In 1988 she appeared at the Oldham Coliseum in The Threepenny Opera. Over the years, Black would feature in numerous other stage productions including Art of Success; Stop Children's Laughter (at Bolton's Octagon Theatre), and Shakespeare's King Lear and Twelfth Night (with the Cambridge Touring Company).

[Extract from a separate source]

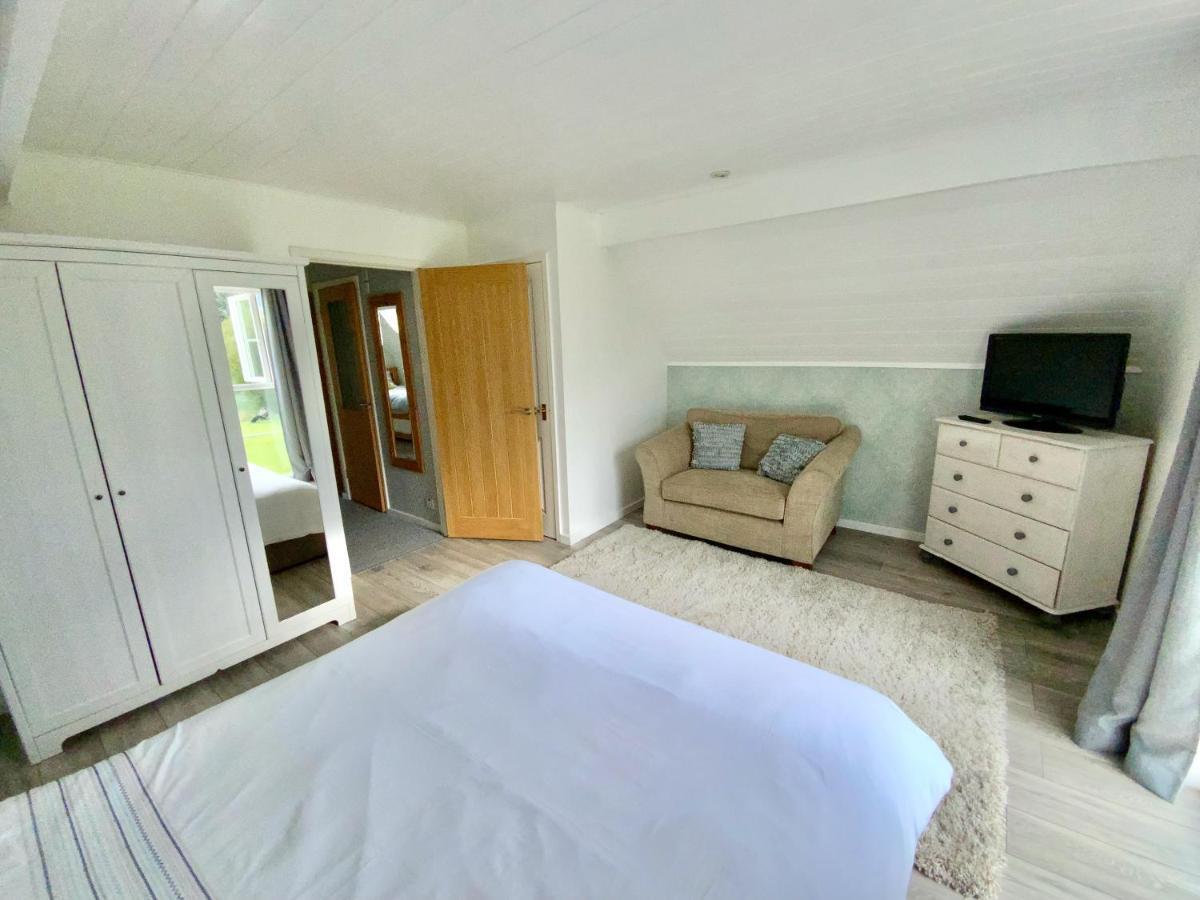 'That One' Our Cotswold Lakeside Lodge サイレンセスター エクステリア 写真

In 1990, Black made her television drama debut playing a prostitute in "Street Life", an episode of the BBC's Casualty. She appeared as Carrie Evans in Shoscombe Old Place, an edition of The Casebook of Sherlock Holmes (1991). She appeared in many television series during the 1990s and 2000s including A Touch of Frost, Dangerfield, The Bill, Bad Girls, New Tricks, and Doc Martin.

===Coronation Street===
In 1992, Black joined the soap opera Coronation Street as Denise Osbourne, remaining on the show until 1997. Her main storylines revolved around her love affair with Ken Barlow (William Roache). Black briefly returned to the role in 2007 and again in 2017.

===Queer as Folk===
Black was one of the main cast members of the Channel 4 TV series Queer As Folk, written by Russell T Davies. She played the role of Hazel Tyler in all 10 episodes of the show. She reprised the role of Hazel (as her ghost on Canal Street) in the 2015 follow-up series Cucumber.

===Emmerdale===
On 20 June 2013, it was announced that Black would be joining the cast of Emmerdale, as Joanie Wright, the adoptive grandmother of Amy Wyatt's (Chelsea Halfpenny) son Kyle whom she gave away shortly after he was born. Black made her first appearance in the soap on 12 August 2013, before departing on 14 November 2013. She reprised the role on 17 June 2015 as a regular cast member, before Black departed again permanently on 30 January 2017, when her character was killed off from a heart attack after being released from a short-stint in prison.

===Other roles===
In 2010, Black's band played at the Edinburgh Festival when she was in mid-UK national tour of a stage version of Calendar Girls. In 2011, Black played the role of Mother Superior, alongside Michael Starke and Cynthia Erivo in the first UK tour of the musical Sister Act.

In 2015, Black made a guest appearance as Liam Conroy's (Adam Gillen) mother Gloria, attempting to lure him back to the UK, in Benidorm. In 2020, Black starrred in the epic historical drama film The Lady of Heaven in the role of Bibi, a loving grandmother who narrates the historical story of Lady Fatima. In 2021, she played Mrs. Hudson in the Netflix series The Irregulars.

In May 2023 she was announced as a cast member of the upcoming Disney+ series Rivals, alongside David Tennant, Alex Hassell, Aidan Turner, Katherine Parkinson, Emily Atack, and Danny Dyer. Black played the role of Joyce Madden in the series.

==Personal life==
Black lives in Southsea and sings with a band, The Loose Screw. They played a series of cabaret shows in November 2009.

In 2004, while filming the BBC miniseries To the Ends of the Earth in KwaZulu-Natal, South Africa, Black and two friends, including co-star Benedict Cumberbatch, were abducted at gunpoint by a group of local men after their vehicle suffered a blown tyre. They were bound and driven to an unsettled territory before being released unharmed without explanation.